## Exercise details
Reproduce only what runs from the line containing "69 Crislaur Ave #A — Photo 12" to the line containing "Land-Rover Range-Rover" in the records below, inclusive. Keep it exact, and keep the pictures out.

## Dataset extract

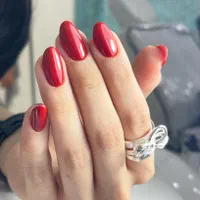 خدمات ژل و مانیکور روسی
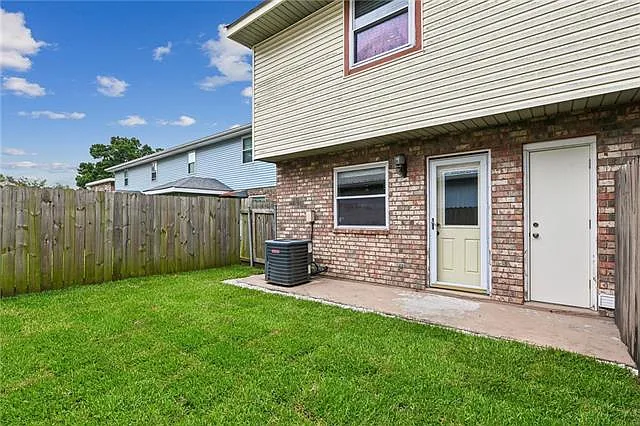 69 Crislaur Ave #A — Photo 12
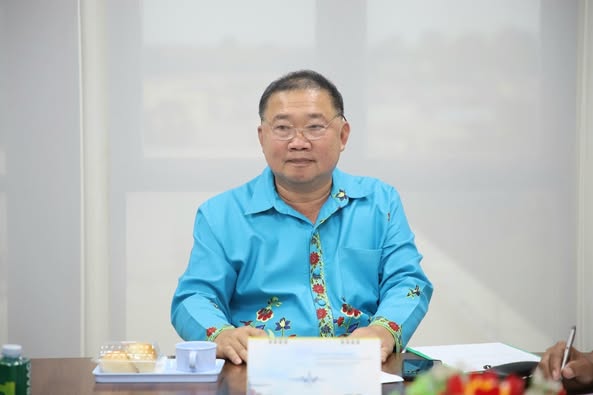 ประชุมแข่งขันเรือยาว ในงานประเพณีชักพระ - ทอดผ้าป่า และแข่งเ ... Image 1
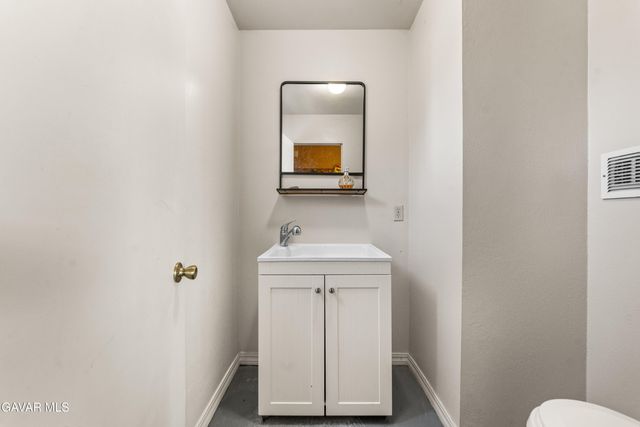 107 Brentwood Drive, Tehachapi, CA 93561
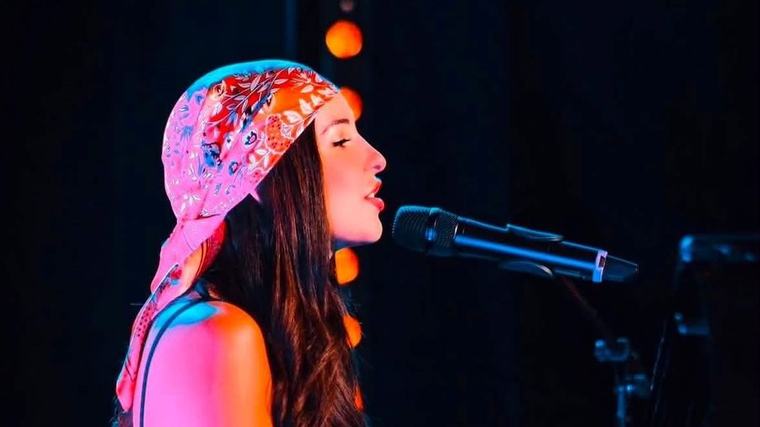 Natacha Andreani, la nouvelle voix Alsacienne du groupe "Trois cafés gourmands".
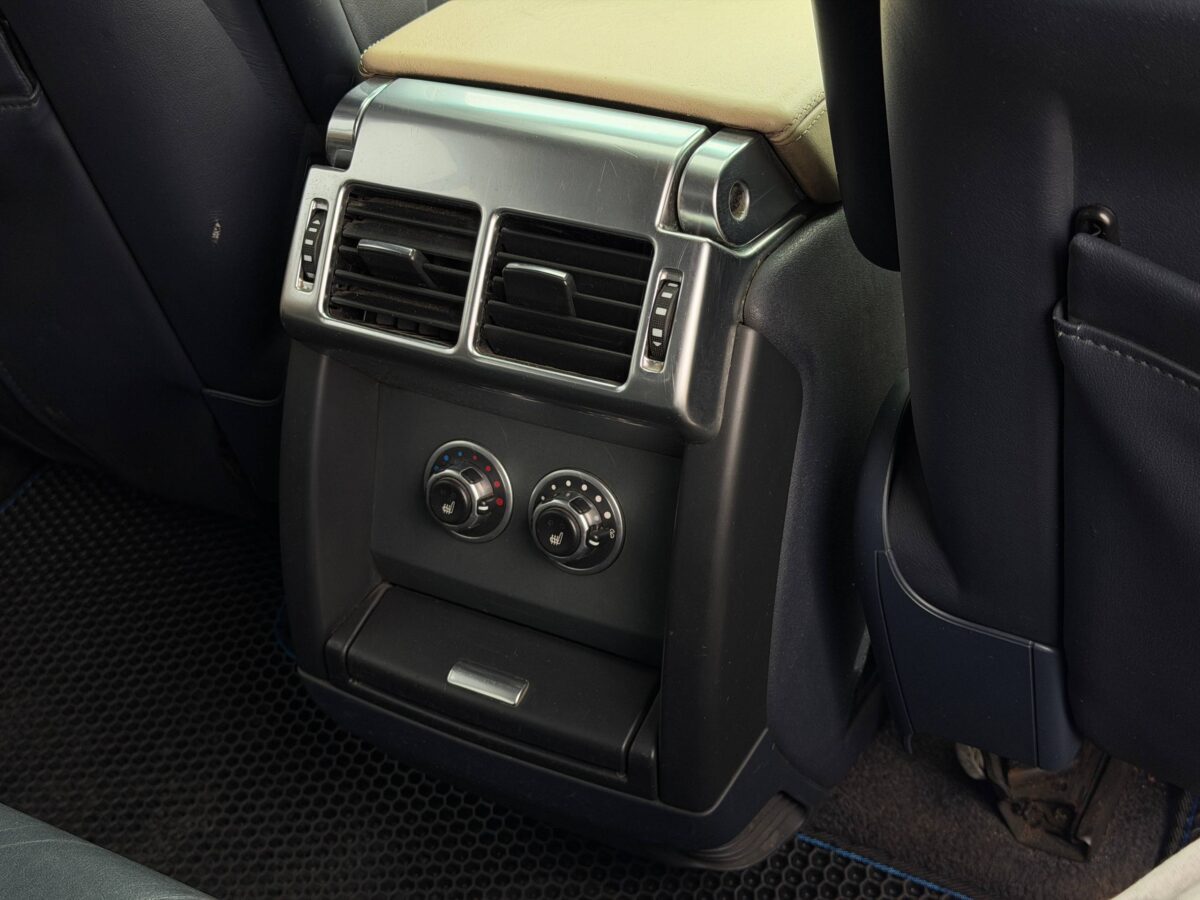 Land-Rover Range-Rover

--

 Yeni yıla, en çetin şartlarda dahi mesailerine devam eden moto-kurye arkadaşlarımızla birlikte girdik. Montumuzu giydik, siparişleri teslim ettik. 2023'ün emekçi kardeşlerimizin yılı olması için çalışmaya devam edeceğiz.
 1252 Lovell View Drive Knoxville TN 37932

==

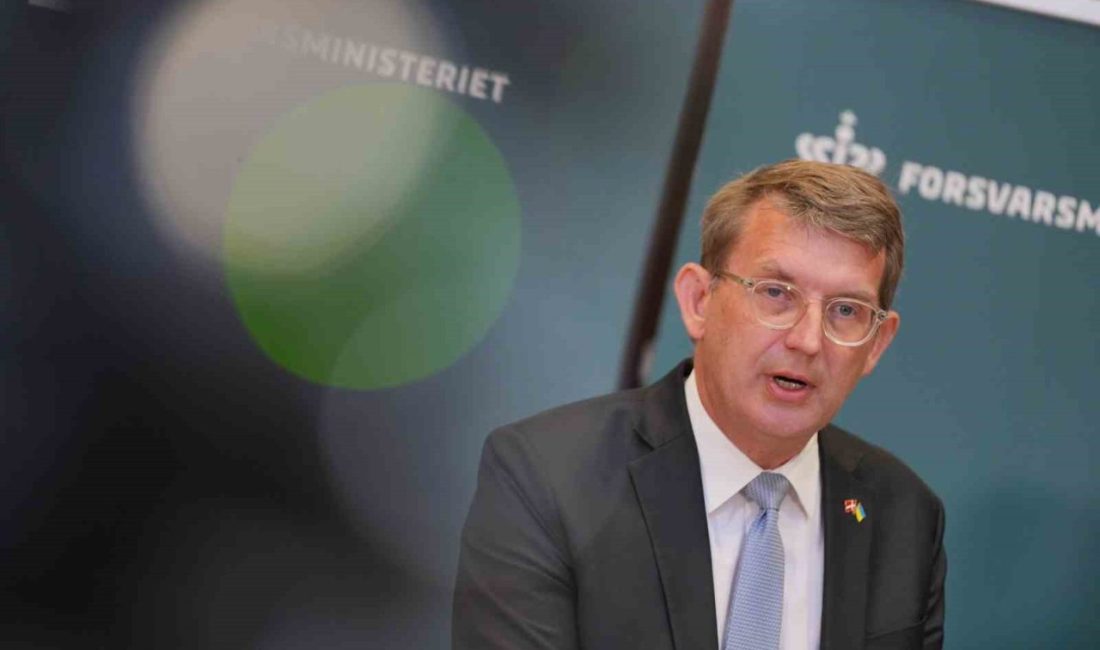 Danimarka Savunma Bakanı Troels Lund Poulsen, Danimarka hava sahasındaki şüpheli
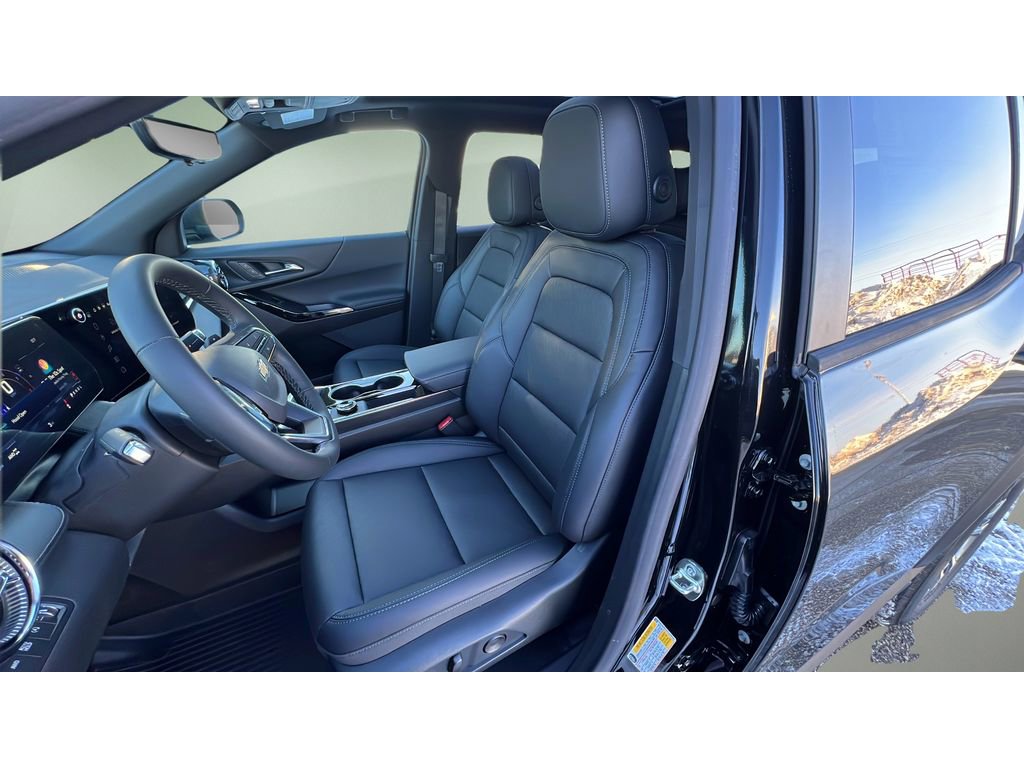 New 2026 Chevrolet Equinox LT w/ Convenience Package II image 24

## Answer for this exercise
 69 Crislaur Ave #A — Photo 12
 ประชุมแข่งขันเรือยาว ในงานประเพณีชักพระ - ทอดผ้าป่า และแข่งเ ... Image 1
 107 Brentwood Drive, Tehachapi, CA 93561
 Natacha Andreani, la nouvelle voix Alsacienne du groupe "Trois cafés gourmands".
 Land-Rover Range-Rover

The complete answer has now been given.